Corpo em movimento - O professor de Educação Física Thiago Martins é um apaixonado por atividades que trabalham todos os músculos do corpo, e o que realmente o deixa relaxado são os treinos de crossfit, de cinco a seis vezes por semana, atividade que pratica há pouco mais de um ano. 

“Relutei, mas depois de conhecer se tornou amor à primeira vista. Quando não vou treinar, bate uma sensação de vazio, de que ficou faltando alguma coisa, além de me deixar menos focado no trabalho e nos afazeres diários. O que me fez ficar apaixonado pelo crossfit é a constante busca pela melhora, seja ela no condicionamento cardiorrespiratório ou na execução dos movimentos, a constante competição consigo mesmo. O fato de você ter sempre metas, objetivos, o mantém sempre estimulado e focado nos treinos”, conta Thiago, que dá aulas de bike indoor, por isso, também pedala, além de jogar futebol com os amigos uma vez na semana. 

A cada dia que passa, a humanidade se aproxima mais e mais do olhar antropológico eurocêntrico criado no final do século 19, que a dividia em “sociedade primitiva” e “sociedade civilizada”. Ironicamente, ninguém imaginaria que o homem contemporâneo iria se aproximar tanto da definição de “sociedade primitiva”, segundo o antropólogo Sady Bianchin, professor doutor da UFF e da Facha.

“Com os avanços da tecnologia, uma parcela da população está se aproximando da ‘sociedade primitiva’, que não separa lazer do trabalho e da religião. É o que acontece hoje, a dicotomia dos extremos.

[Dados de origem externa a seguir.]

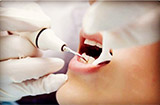 预防牙周炎应该怎么做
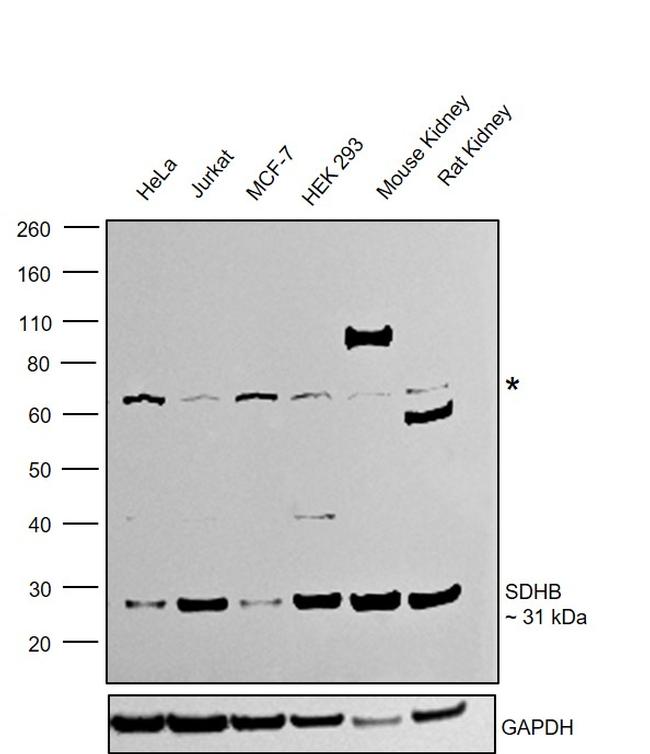 SDHB Antibody in Western Blot (WB)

Quem imaginaria que aquele olhar dos evolucionistas, uma visão etnocêntrica dos ditos brancos civilizados, poderia voltar de outra forma revisitado naqueles valores perversos de uma sociedade autoritária e patriarcal. Na ‘teoria do bom selvagem’, de J.J.Rosseau, por exemplo, onde falavam de natureza, os parques deles, na época, eram a floresta. Para a gente, hoje, é o Campo de São Bento, o Parque Nacional da Tijuca. Precisamos, inclusive, tornar mais saudável a nossa relação com a natureza, enquanto humanidade, para, assim, sermos bons em sermos ‘primitivos’”, avalia o professor doutor.

Um dos entrevistados que leva à risca o cuidado e o respeito com a natureza é o modelo Taylor Romão, 21, que faz trilhas para relaxar.

“A trilha me causa uma mansidão, tranquilidade por conta do contato com a natureza, que me faz enxergá-la exatamente como é: perfeita. Quando estou na trilha, costumo me conectar com tudo o que me cerca: plantas, aves, insetos, rios, a floresta em si, aquele verde todo em volta, o marrom da terra. Isso me faz esquecer qualquer problema. Na trilha descarrego toda a energia ruim, ansiedade e tristeza. Por isso me sinto tão relaxado”, observa. 

Por ser modelo, Taylor pratica atividades físicas diariamente para manter a forma, mas também gosta de frequentar praias de Niterói e do Rio, além de viajar para Angra dos Reis, Arraial do Cabo e Búzios, em busca de relaxamento. Também gosta de videogame. 

“Vivemos em mundo muito caótico, é muita pressão e estresse matinal na maioria das vezes. Se não tivermos esses momentos de pausa para desconectar de tudo, não conseguiremos cumprir nossas metas diárias. Para mim, é importante e necessário”, enfatiza.